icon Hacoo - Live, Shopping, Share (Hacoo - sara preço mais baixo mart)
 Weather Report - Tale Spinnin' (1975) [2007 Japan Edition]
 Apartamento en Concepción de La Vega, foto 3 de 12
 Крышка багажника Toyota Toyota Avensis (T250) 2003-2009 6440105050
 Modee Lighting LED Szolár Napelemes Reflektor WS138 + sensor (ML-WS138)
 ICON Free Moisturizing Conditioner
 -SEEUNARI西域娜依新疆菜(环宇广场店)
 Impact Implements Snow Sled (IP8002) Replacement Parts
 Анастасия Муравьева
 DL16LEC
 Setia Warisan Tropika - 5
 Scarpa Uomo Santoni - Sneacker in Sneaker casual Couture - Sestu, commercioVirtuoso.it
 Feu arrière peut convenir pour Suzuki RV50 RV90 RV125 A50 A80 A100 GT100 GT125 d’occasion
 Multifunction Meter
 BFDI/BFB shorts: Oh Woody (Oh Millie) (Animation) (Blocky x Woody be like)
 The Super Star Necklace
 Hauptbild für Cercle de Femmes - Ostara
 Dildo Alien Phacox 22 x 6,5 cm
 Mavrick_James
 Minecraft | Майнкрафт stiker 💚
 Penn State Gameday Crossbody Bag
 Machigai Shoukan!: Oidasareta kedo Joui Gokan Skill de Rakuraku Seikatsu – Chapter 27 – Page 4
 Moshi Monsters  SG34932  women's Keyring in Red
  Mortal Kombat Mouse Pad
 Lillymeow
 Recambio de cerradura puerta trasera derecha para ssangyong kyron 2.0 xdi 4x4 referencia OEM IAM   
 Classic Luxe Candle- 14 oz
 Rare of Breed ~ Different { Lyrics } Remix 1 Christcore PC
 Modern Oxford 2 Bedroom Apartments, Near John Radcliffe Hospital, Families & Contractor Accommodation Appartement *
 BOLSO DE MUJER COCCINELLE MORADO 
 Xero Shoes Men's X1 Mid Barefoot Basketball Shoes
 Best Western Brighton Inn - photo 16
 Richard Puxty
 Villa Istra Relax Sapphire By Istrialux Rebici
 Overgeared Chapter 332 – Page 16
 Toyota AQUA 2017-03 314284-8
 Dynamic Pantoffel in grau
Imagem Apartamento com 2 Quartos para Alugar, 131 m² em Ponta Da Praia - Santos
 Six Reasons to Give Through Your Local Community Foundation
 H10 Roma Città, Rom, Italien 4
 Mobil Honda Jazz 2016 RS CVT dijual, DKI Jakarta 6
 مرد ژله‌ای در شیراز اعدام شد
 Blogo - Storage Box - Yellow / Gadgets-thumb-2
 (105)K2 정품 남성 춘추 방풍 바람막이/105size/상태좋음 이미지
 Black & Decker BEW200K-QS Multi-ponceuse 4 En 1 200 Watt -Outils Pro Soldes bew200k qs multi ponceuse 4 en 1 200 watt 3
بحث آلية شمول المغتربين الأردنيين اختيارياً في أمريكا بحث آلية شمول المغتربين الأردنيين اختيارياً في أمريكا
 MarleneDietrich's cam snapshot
────────────────────
Description of the task: All of the entries should be written out again exactly.

Written answer:
icon Hacoo - Live, Shopping, Share (Hacoo - sara preço mais baixo mart)
 Weather Report - Tale Spinnin' (1975) [2007 Japan Edition]
 Apartamento en Concepción de La Vega, foto 3 de 12
 Крышка багажника Toyota Toyota Avensis (T250) 2003-2009 6440105050
 Modee Lighting LED Szolár Napelemes Reflektor WS138 + sensor (ML-WS138)
 ICON Free Moisturizing Conditioner
 -SEEUNARI西域娜依新疆菜(环宇广场店)
 Impact Implements Snow Sled (IP8002) Replacement Parts
 Анастасия Муравьева
 DL16LEC
 Setia Warisan Tropika - 5
 Scarpa Uomo Santoni - Sneacker in Sneaker casual Couture - Sestu, commercioVirtuoso.it
 Feu arrière peut convenir pour Suzuki RV50 RV90 RV125 A50 A80 A100 GT100 GT125 d’occasion
 Multifunction Meter
 BFDI/BFB shorts: Oh Woody (Oh Millie) (Animation) (Blocky x Woody be like)
 The Super Star Necklace
 Hauptbild für Cercle de Femmes - Ostara
 Dildo Alien Phacox 22 x 6,5 cm
 Mavrick_James
 Minecraft | Майнкрафт stiker 💚
 Penn State Gameday Crossbody Bag
 Machigai Shoukan!: Oidasareta kedo Joui Gokan Skill de Rakuraku Seikatsu – Chapter 27 – Page 4
 Moshi Monsters  SG34932  women's Keyring in Red
  Mortal Kombat Mouse Pad
 Lillymeow
 Recambio de cerradura puerta trasera derecha para ssangyong kyron 2.0 xdi 4x4 referencia OEM IAM   
 Classic Luxe Candle- 14 oz
 Rare of Breed ~ Different { Lyrics } Remix 1 Christcore PC
 Modern Oxford 2 Bedroom Apartments, Near John Radcliffe Hospital, Families & Contractor Accommodation Appartement *
 BOLSO DE MUJER COCCINELLE MORADO 
 Xero Shoes Men's X1 Mid Barefoot Basketball Shoes
 Best Western Brighton Inn - photo 16
 Richard Puxty
 Villa Istra Relax Sapphire By Istrialux Rebici
 Overgeared Chapter 332 – Page 16
 Toyota AQUA 2017-03 314284-8
 Dynamic Pantoffel in grau
Imagem Apartamento com 2 Quartos para Alugar, 131 m² em Ponta Da Praia - Santos
 Six Reasons to Give Through Your Local Community Foundation
 H10 Roma Città, Rom, Italien 4
 Mobil Honda Jazz 2016 RS CVT dijual, DKI Jakarta 6
 مرد ژله‌ای در شیراز اعدام شد
 Blogo - Storage Box - Yellow / Gadgets-thumb-2
 (105)K2 정품 남성 춘추 방풍 바람막이/105size/상태좋음 이미지
 Black & Decker BEW200K-QS Multi-ponceuse 4 En 1 200 Watt -Outils Pro Soldes bew200k qs multi ponceuse 4 en 1 200 watt 3
بحث آلية شمول المغتربين الأردنيين اختيارياً في أمريكا بحث آلية شمول المغتربين الأردنيين اختيارياً في أمريكا
 MarleneDietrich's cam snapshot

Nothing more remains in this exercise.